Those god damn liberals don't do anything. They're letting Rogers do us in the ass, and Shitpatico is capping us at 5 gigs per MONTH. Better yet, the University of Waterloo caps its students in residents to 500 megs PER WEEK!!!!!!! Not 500 megs/day, but per week.. so you damn brits, shut up.
- CANUCK # 69
My cable ISP used to have a bandwidth limit of 4GB upload/4GB download per month. Now it's 7GB of total monthly bandwidth. That's with the $40/month package I have. Once you exceed the limit, the connection speed is reduced to 64K/sec. I'm quite used to being connected at 64K after downloading three 650MB Linux ISOs. It's unreal how fast 7GB of bandwidth gets used up.
So how does that marry up with the "you cannot use VPN stuff?"
I've got a rather personal question. If you're interested in hearing/answering it, email me at J-A-Y-E-D-@-J-A-Y-E-D-.-C-O-M
NICE-TO-MEET-YOU.
Restaurants and ISPs are both businesses, and their goal is to make money. If they don't make money, they won't be in business, and you won't have any service at all.
Restaurants are well within their right to charge certain customers more to eat at their all-you-can-eat buffets. If they notice that a regular customer regularly eats an obscene quantity of food when they walk through the door, most restaurants will start charging that customer more to eat there. I have several friends who fit that category.
Also, ISPs are well within their right to charge customers more money who regularly consume large amounts of bandwith. In fact, I prefer they do when necessary, otherwise everybody ends up heavily subsidising a very small group of people.
In short, I think NTL is taking the wrong approach. Instead of imposing download limits, they should charge those people who have higher bandwidth needs/wants an appropriate amount of money for their network usage. As for banning VPN, that is pure gobbletygook. The article didn't cover that, and I'm curious what rationale they are using.
If you go to a restaurant with "unlimited" drinks, it means that you may fill your glass an unspecified large number of times, but not that you may pipe it to at tanker parked outside.
I am sure that you can get away with a peak load higher, but do you really want to be like those compulsive people who fill their pockets with "free" mustard packets, disposable utensils, salt and peppar, and truck loads of paper towels?
... I don't!
:-) = I am happy
:^) = I am happy with my big nose
C:\> = I am happy with my OS
Red Hat and Mandrake distros come on 3x 640MB ISOs now to burn on CD. You wouldn't even be able to download more than 1/3 of the distro per day to burn!
Phillip.
Property for sale in Nice, France
For example, when I first got my cell phone, Tellus (BC Tel, then) was offering "unlimited evenings and weekends". This was back in the days of the analog phone where an extende battery pack gave you 2 hours talk time/12 hours standby. They didn't take into account the possibility of geeks like me building a 5 pound external jell-cell power supply with a power cord. I managed to get 8 hours talk time/ 3 day standby. I used the thing like a ground line. I didn't even bother to buy a cordless at home -- why should I??? Just forward to the cell phone!.

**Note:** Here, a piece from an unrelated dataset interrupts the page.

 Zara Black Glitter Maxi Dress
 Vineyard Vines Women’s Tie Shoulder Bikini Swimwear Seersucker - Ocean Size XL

I averaged over 1000/month minutes evenings and weekends.
Needless to say, it wasn't long before they decided to 'limit' people to 1000 minutes evening and weekends. For most people, this isn't much of a limit because battery issues kicked in long before then... but it caused people like me to actually pay some attention to some attention to when we could use the ground line. (when my contract finally ran out).
In truth, the 1GB/day limits aren't really that bad. Think about it... 200 tracks/day is over 600 minutes (10 hours!) of new music per day. and they're promising that they're only going to apply these limits to chronic heavy users -- In other words, they're not going to nail me just because I downloaded all 5 RedHat disks today.
OS Software is like love: The best way to make it grow is to give it away.
I doubt this is a hard limit.. just something in their T&C's that they can point to if someone is doing 120kb/sec 24/7 365 days a year. Ie, a way for them to throttle users if they appear to be doing more harm than good to the network.
BT Internet have had such a clause for a while now on ADSL.
I find this amusing - 1gig per day is an enormous
amount of traffic. An ISP has a right to
choose its customers.
Compound this by the unfaireness that all african
ISPs have to pay for each byte coming to or
from the EU and US, whereas the EU and US
seem to have the "right" to connect to africa
for free.
-paul
The other 99% of the people using way too much bandwidth are violating copyrights left right and center. Or, in other words, for totally illegitimate reasons; mostly warez, MP3s and porn, with the very occasional ripped Babylon 5 episode.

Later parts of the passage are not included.